Dataset records
--- START ---

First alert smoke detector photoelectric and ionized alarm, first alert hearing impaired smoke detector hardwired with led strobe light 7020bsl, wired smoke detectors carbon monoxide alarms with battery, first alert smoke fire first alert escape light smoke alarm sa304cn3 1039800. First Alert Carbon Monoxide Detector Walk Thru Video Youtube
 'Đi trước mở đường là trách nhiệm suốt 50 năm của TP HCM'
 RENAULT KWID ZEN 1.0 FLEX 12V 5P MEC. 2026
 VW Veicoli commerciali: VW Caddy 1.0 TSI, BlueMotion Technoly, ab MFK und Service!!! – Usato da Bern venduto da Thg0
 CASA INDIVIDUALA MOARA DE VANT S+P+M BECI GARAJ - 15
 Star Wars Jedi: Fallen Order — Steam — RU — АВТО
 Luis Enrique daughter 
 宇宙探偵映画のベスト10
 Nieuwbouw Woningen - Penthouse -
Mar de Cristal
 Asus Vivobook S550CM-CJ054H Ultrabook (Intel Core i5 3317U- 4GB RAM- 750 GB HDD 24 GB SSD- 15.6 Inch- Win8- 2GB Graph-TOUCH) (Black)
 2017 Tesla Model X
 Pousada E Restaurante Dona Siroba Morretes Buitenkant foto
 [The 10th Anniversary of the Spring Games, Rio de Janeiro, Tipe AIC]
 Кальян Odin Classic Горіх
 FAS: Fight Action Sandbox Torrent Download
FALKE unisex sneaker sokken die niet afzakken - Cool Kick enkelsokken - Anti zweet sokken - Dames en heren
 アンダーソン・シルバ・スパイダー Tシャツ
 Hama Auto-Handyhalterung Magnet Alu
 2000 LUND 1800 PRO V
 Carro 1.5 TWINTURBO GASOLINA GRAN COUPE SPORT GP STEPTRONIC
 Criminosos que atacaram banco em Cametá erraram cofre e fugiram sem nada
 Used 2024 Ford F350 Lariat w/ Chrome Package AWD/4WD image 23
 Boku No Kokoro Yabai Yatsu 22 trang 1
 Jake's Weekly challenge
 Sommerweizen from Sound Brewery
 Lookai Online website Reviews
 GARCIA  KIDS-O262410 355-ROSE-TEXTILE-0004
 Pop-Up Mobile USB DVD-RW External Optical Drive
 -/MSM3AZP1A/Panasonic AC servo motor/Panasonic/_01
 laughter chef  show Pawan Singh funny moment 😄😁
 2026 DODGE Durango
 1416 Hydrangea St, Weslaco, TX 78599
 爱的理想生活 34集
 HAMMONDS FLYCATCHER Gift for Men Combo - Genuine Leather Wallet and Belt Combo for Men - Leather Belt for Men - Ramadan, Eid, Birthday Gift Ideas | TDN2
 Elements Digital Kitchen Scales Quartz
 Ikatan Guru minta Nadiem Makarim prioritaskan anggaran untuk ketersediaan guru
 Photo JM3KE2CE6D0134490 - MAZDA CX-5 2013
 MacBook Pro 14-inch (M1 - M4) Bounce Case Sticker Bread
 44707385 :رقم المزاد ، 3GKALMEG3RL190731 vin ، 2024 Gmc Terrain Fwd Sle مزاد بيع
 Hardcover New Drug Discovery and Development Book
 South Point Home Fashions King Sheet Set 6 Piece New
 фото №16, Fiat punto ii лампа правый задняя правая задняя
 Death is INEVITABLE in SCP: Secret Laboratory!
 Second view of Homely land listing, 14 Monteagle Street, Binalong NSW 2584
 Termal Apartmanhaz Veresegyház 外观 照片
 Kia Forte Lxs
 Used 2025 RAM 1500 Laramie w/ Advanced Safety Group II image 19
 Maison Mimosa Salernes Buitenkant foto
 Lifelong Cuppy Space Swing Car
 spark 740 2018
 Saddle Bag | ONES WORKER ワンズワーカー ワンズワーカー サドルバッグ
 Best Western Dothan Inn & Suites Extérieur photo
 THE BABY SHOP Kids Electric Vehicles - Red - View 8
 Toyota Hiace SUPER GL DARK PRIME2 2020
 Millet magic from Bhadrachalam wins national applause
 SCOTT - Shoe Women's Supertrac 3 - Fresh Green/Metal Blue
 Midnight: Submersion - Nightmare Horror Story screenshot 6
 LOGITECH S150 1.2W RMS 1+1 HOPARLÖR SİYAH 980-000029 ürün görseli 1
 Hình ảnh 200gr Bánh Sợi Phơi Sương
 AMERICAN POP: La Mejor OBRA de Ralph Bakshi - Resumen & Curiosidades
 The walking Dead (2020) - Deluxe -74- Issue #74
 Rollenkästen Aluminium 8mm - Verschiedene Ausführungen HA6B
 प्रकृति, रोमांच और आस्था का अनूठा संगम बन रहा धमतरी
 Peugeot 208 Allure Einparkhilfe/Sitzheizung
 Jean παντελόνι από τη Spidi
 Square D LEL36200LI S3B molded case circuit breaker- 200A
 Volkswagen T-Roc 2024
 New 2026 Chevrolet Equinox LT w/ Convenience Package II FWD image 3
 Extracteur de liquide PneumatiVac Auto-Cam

--- END ---

Activity: All of the data needs to be printed once more, exactly.

Solution to the problem:
First alert smoke detector photoelectric and ionized alarm, first alert hearing impaired smoke detector hardwired with led strobe light 7020bsl, wired smoke detectors carbon monoxide alarms with battery, first alert smoke fire first alert escape light smoke alarm sa304cn3 1039800. First Alert Carbon Monoxide Detector Walk Thru Video Youtube
 'Đi trước mở đường là trách nhiệm suốt 50 năm của TP HCM'
 RENAULT KWID ZEN 1.0 FLEX 12V 5P MEC. 2026
 VW Veicoli commerciali: VW Caddy 1.0 TSI, BlueMotion Technoly, ab MFK und Service!!! – Usato da Bern venduto da Thg0
 CASA INDIVIDUALA MOARA DE VANT S+P+M BECI GARAJ - 15
 Star Wars Jedi: Fallen Order — Steam — RU — АВТО
 Luis Enrique daughter 
 宇宙探偵映画のベスト10
 Nieuwbouw Woningen - Penthouse -
Mar de Cristal
 Asus Vivobook S550CM-CJ054H Ultrabook (Intel Core i5 3317U- 4GB RAM- 750 GB HDD 24 GB SSD- 15.6 Inch- Win8- 2GB Graph-TOUCH) (Black)
 2017 Tesla Model X
 Pousada E Restaurante Dona Siroba Morretes Buitenkant foto
 [The 10th Anniversary of the Spring Games, Rio de Janeiro, Tipe AIC]
 Кальян Odin Classic Горіх
 FAS: Fight Action Sandbox Torrent Download
FALKE unisex sneaker sokken die niet afzakken - Cool Kick enkelsokken - Anti zweet sokken - Dames en heren
 アンダーソン・シルバ・スパイダー Tシャツ
 Hama Auto-Handyhalterung Magnet Alu
 2000 LUND 1800 PRO V
 Carro 1.5 TWINTURBO GASOLINA GRAN COUPE SPORT GP STEPTRONIC
 Criminosos que atacaram banco em Cametá erraram cofre e fugiram sem nada
 Used 2024 Ford F350 Lariat w/ Chrome Package AWD/4WD image 23
 Boku No Kokoro Yabai Yatsu 22 trang 1
 Jake's Weekly challenge
 Sommerweizen from Sound Brewery
 Lookai Online website Reviews
 GARCIA  KIDS-O262410 355-ROSE-TEXTILE-0004
 Pop-Up Mobile USB DVD-RW External Optical Drive
 -/MSM3AZP1A/Panasonic AC servo motor/Panasonic/_01
 laughter chef  show Pawan Singh funny moment 😄😁
 2026 DODGE Durango
 1416 Hydrangea St, Weslaco, TX 78599
 爱的理想生活 34集
 HAMMONDS FLYCATCHER Gift for Men Combo - Genuine Leather Wallet and Belt Combo for Men - Leather Belt for Men - Ramadan, Eid, Birthday Gift Ideas | TDN2
 Elements Digital Kitchen Scales Quartz
 Ikatan Guru minta Nadiem Makarim prioritaskan anggaran untuk ketersediaan guru
 Photo JM3KE2CE6D0134490 - MAZDA CX-5 2013
 MacBook Pro 14-inch (M1 - M4) Bounce Case Sticker Bread
 44707385 :رقم المزاد ، 3GKALMEG3RL190731 vin ، 2024 Gmc Terrain Fwd Sle مزاد بيع
 Hardcover New Drug Discovery and Development Book
 South Point Home Fashions King Sheet Set 6 Piece New
 фото №16, Fiat punto ii лампа правый задняя правая задняя
 Death is INEVITABLE in SCP: Secret Laboratory!
 Second view of Homely land listing, 14 Monteagle Street, Binalong NSW 2584
 Termal Apartmanhaz Veresegyház 外观 照片
 Kia Forte Lxs
 Used 2025 RAM 1500 Laramie w/ Advanced Safety Group II image 19
 Maison Mimosa Salernes Buitenkant foto
 Lifelong Cuppy Space Swing Car
 spark 740 2018
 Saddle Bag | ONES WORKER ワンズワーカー ワンズワーカー サドルバッグ
 Best Western Dothan Inn & Suites Extérieur photo
 THE BABY SHOP Kids Electric Vehicles - Red - View 8
 Toyota Hiace SUPER GL DARK PRIME2 2020
 Millet magic from Bhadrachalam wins national applause
 SCOTT - Shoe Women's Supertrac 3 - Fresh Green/Metal Blue
 Midnight: Submersion - Nightmare Horror Story screenshot 6
 LOGITECH S150 1.2W RMS 1+1 HOPARLÖR SİYAH 980-000029 ürün görseli 1
 Hình ảnh 200gr Bánh Sợi Phơi Sương
 AMERICAN POP: La Mejor OBRA de Ralph Bakshi - Resumen & Curiosidades
 The walking Dead (2020) - Deluxe -74- Issue #74
 Rollenkästen Aluminium 8mm - Verschiedene Ausführungen HA6B
 प्रकृति, रोमांच और आस्था का अनूठा संगम बन रहा धमतरी
 Peugeot 208 Allure Einparkhilfe/Sitzheizung
 Jean παντελόνι από τη Spidi
 Square D LEL36200LI S3B molded case circuit breaker- 200A
 Volkswagen T-Roc 2024
 New 2026 Chevrolet Equinox LT w/ Convenience Package II FWD image 3
 Extracteur de liquide PneumatiVac Auto-Cam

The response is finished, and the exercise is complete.